One way to do it, is to name the list element with the prefix
"nodedata_"
and assign a 'function'
which
returns a 'list'
for each node. It is important that the
lists be of the same length
as the lists created from the
node’s data
. I.e. the new data has to have the same number
of observations as the node’s data since it needs to fit into one
'data.frame'
. We are effectively adding columns to the
node’s data
.
As we can see below, the plot data’s nodesize can be useful to make sure
of this.
Once we call geom_node_plot()
this data will be readily
available through gglist
under its name (which we set for
it as the name of the list element) without the prefix - just like all
the node’s data
.
gg <- ggparty(py, add_vars = list(nodedata_x_dens =
function(data, node) {
list(density(node$data$temperature,
n = data$nodesize)$x)
}
)
)
gg$data$nodedata_x_dens
#> [[1]]
#> [1] 53.53320 56.75887 59.98453 63.21019 66.43585 69.66151 72.88717 76.11283
#> [9] 79.33849 82.56415 85.78981 89.01547 92.24113 95.46680
#>
#> [[2]]
#> [1] 57.31698 67.15849 77.00000 86.84151 96.68302
#>
#> [[3]]
#> [1] 63.73772 80.26228
#>
#> [[4]]
#> [1] 61.48648 78.50000 95.51352
#>
#> [[5]]
#> [1] 46.43918 64.47973 82.52027 100.56082
#>
#> [[6]]
#> [1] 60.61887 65.30943 70.00000 74.69057 79.38113
#>
#> [[7]]
#> [1] 62.33887 71.50000 80.66113
#>
#> [[8]]
#> [1] 59.73772 76.26228
The obvious limitation of this method is that the number of
observations has to be identical to the nodesize
. In this
case we achieved this by setting n
of
density()
to the nodesize
.
If we want to plot custom data of different dimensions we can simply
supply it via the data
argument of the geoms
in gglist
. Though in that case we won’t be able to access
it simultaneously with the node’s data
in the same
geom
. To ensure correct behaviour this
'data.frame'
has to contain a column named id
specifying the id
of the node it belongs to.
If we want to plot the data
contained within the
individual nodes of the tree, we need to add
geom_node_plot()
to our ggparty()
call. To
understand why this is necessary let’s reiterate what
ggparty()
does and how it uses the ggplot()
function. Every ggplot()
call needs a
'data.frame'
, so as we’ve seen above ggparty()
creates one from the 'party'
object. In this
'data.frame'
every row corresponds to a node of the
tree.
Each column of this node’s data
is stored as a
'list'
in its own column. This way it is not usable by
ggplot()
, since ggplot()
can’t handle lists
inside its data. This is where geom_node_plot()
comes into
play and each instance of geom_node_plot()
creates a
completely separate ggplot()
call after transforming all
the columns containing lists of data (created by ggparty()
)
into a new 'data.frame'
for the new separate
ggplot()
call.
All the other columns of ggparty’s 'data.frame'
(like
kids
, parent
, etc.) get lost in this process,
since usually we will not be interested in these when plotting the node
data and they could potentially cause naming conflicts. In case we do
want to use them, there is a fairly easy
way to do so. So by default we can access anything that can be found
in the data slot of the party object, the fitted_nodes and additionally
if the 'party'
object contains any, the
fitted.values
and the residuals
of the
included model.
Now let’s take a look at a constparty object created from the same data.

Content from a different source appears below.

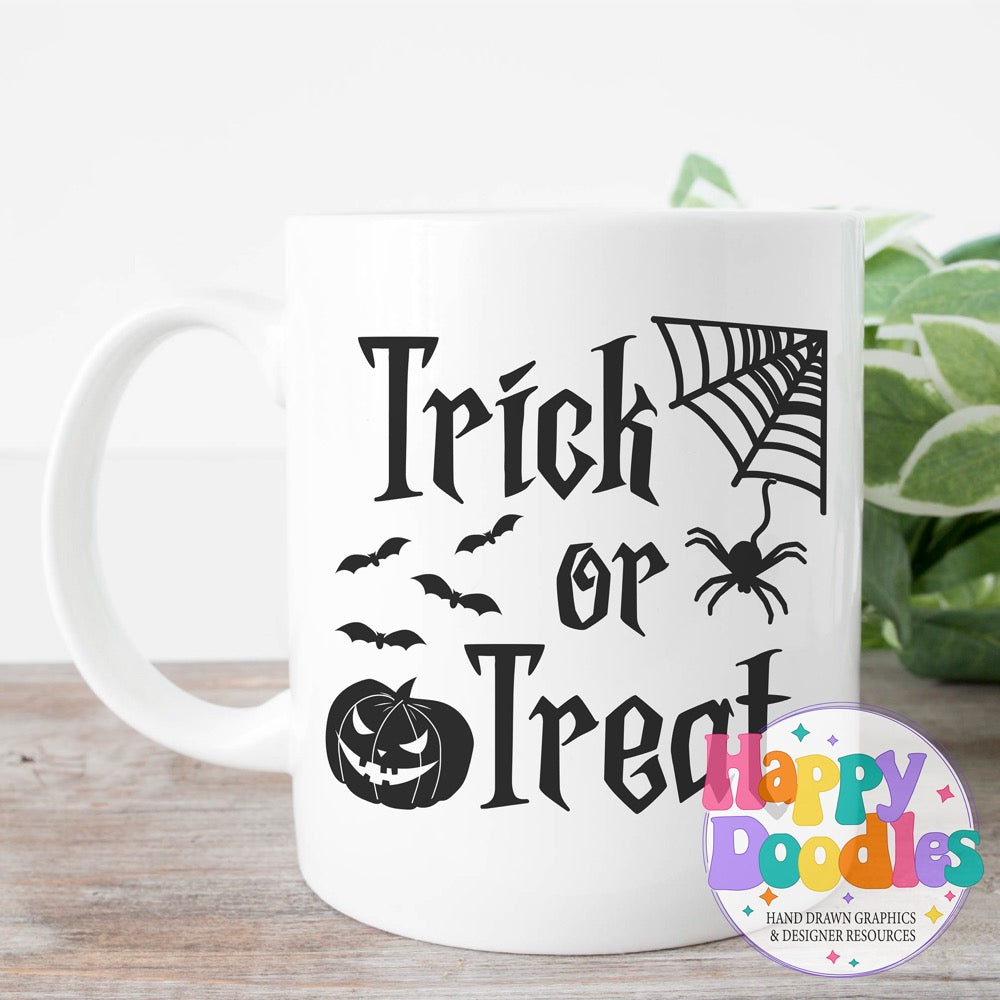 Halloween Sign Trick or Treat SVG | Whimsical Porch/Wall Sign Design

n1 <- partynode(id = 1L, split = sp_o, kids = lapply(2L:4L, partynode))
t2 <- party(n1,
data = WeatherPlay,
fitted = data.frame(
"(fitted)" = fitted_node(n1, data = WeatherPlay),
"(response)" = WeatherPlay$play,
check.names = FALSE),
terms = terms(play ~ ., data = WeatherPlay)
)
t2 <- as.constparty(t2)
To visualize the distribution of the variable play
we
will use the geom_node_plot()
function. It allows us to
show the data
of each node in its separate plot. For this
to work, we have to specify the argument gglist
. Basically
we have to provide a 'list'
of all the 'gg'
components we would add to a ggplot()
call on the
data
element of a node.
So if we were to use the above code to create the desired plot for
one node, we can instead pass a 'list'
of the two
components to gglist
and geom_node_plot
will
create a version of it for every specified node (per default the
terminal
nodes). Keep in mind, that since it’s a
'list'
we need to use ","
instead of
"+"
to combine the components.
ggparty(t2) +
geom_edge() +
geom_edge_label() +
geom_node_splitvar() +
# pass list to gglist containing all ggplot components we want to plot for each
# (default: terminal) node
geom_node_plot(gglist = list(geom_bar(aes(x = "", fill = play),
position = position_fill()),
xlab("play")))
Setting shared_axis_labels
to TRUE
allows
us to use the space more efficiently and
legend_separator = TRUE
draws a line between the tree and
the legend.
ggparty(t2) +
geom_edge() +
geom_edge_label() +
geom_node_splitvar() +
geom_node_plot(gglist = list(geom_bar(aes(x = "", fill = play),
position = position_fill()),
xlab("play")),
# draw only one label for each axis
shared_axis_labels = TRUE,
# draw line between tree and legend
legend_separator = TRUE
)
Setting shared_legend
to FALSE
draws an
individual legend at each plot instead of one common one at the bottom
of the plot. This might be necessary if we use multiple different
geom_node_plots()
which lead to various legends. In case we
want to remove the legend all together
(i.e. theme(legend.position = "none")
)
shared_legend
has to be set to FALSE
.
ggparty(t2) +
geom_edge() +
geom_edge_label() +
geom_node_splitvar() +
geom_node_plot(gglist = list(geom_bar(aes(x = "", fill = play),
position = position_fill()),
xlab("play")),
# draw individual legend for each plot
shared_legend = FALSE
)
Thanks to the versatility of ggplot2 we are also
very flexible in creating these node plots. For example the barplot can
be easily changed into a pie chart. The argument size
of
geom_node_plot()
can be set to "nodesize"
which changes the size of the node plot relative to the number of
observations in the respective node.
ggparty(t2) +
geom_edge() +
geom_edge_label() +
geom_node_splitvar() +
# draw pie charts with their size relative to nodesize
geom_node_plot(gglist = list(geom_bar(aes(x = "", fill = play),
position = position_fill()),
coord_polar("y"),
theme_void()),
size = "nodesize")
If the party object contains a model with only one predictor we can
use the argument predict
to choose to show a prediction
line. Additional arguments for the geom_line()
drawing this
line can be passed via predict_gpar
.
So let’s take a look at this 'lmtree'
containing linear
models explaining eval
with beauty
.
data("TeachingRatings", package = "AER")
tr <- subset(TeachingRatings, credits == "more")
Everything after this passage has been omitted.